The oil firm boasted that the unchanged Reserve Based Lend (RBL) amount reflected „the continued support of Tullow’s lending banks during this period of oil prices, and the high quality of Tullow’s asset portfolio.“
According to kslaw.com, Reserve Based Lend (RBL) is a loan secured by the undeveloped reserves of oil and gas of a borrower. The facility is repaid using the proceeds that derive from sales in the field or portfolio of fields in production.
Tullow further said that, as of September 30, 2015, the Group has cash and undrawn credit facilities amounting to US$2.1 billion of headroom with no near-term maturities.

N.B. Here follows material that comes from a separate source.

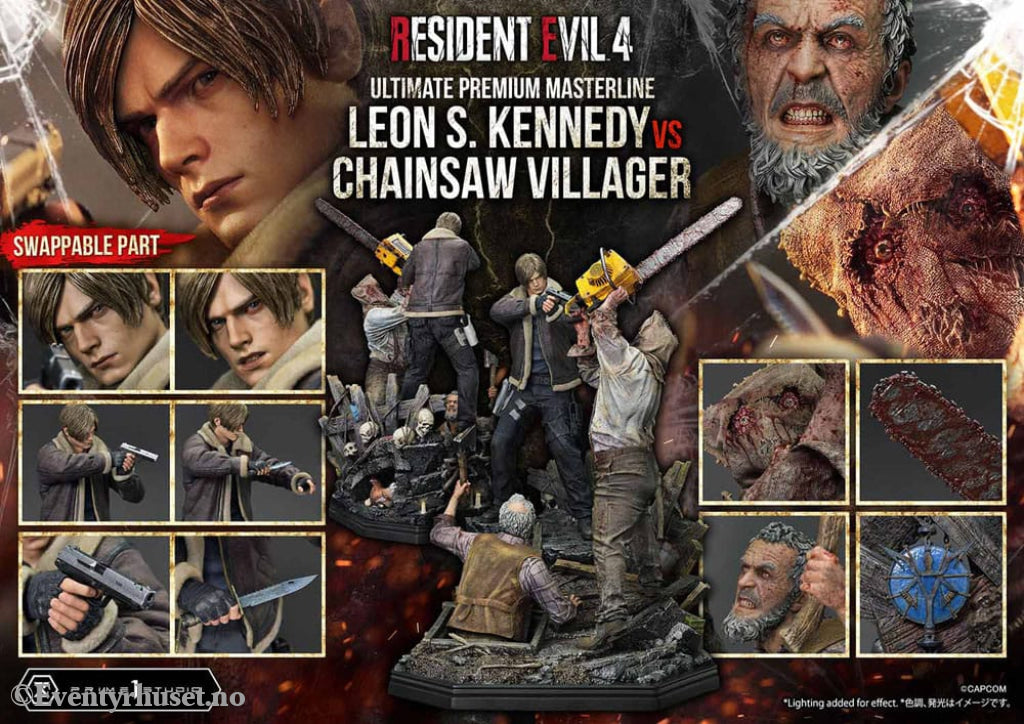 Resident Evil 4 Ultimate Premium Masterline Series Statue 1/4 Leon S. Kennedy vs. Chainsaw Villager 76 cm Collectibles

Ian Springett, Chief Financial Officer said: “Today’s announcement demonstrates the robustness of Tullow’s debt capital structure and emphasises the strong support that we are receiving from our relationship banks. Generating such significant liquidity at this time reflects our prudent hedging programme and the quality of our producing and development assets. We are fully funded to meet all of our commitments including the ongoing investment in the TEN development. This important project remains on schedule and on budget to deliver first oil and significant additional cash flow in mid-2016.”
The company on Wednesday witnessed the naming ceremony of an FPSO to be deployed at its TEN development offshore Ghana. The unit named ‘FPSO Prof. John Evans Atta Mills’ is Ghana’s second Floating Production Storage and Offloading vessel.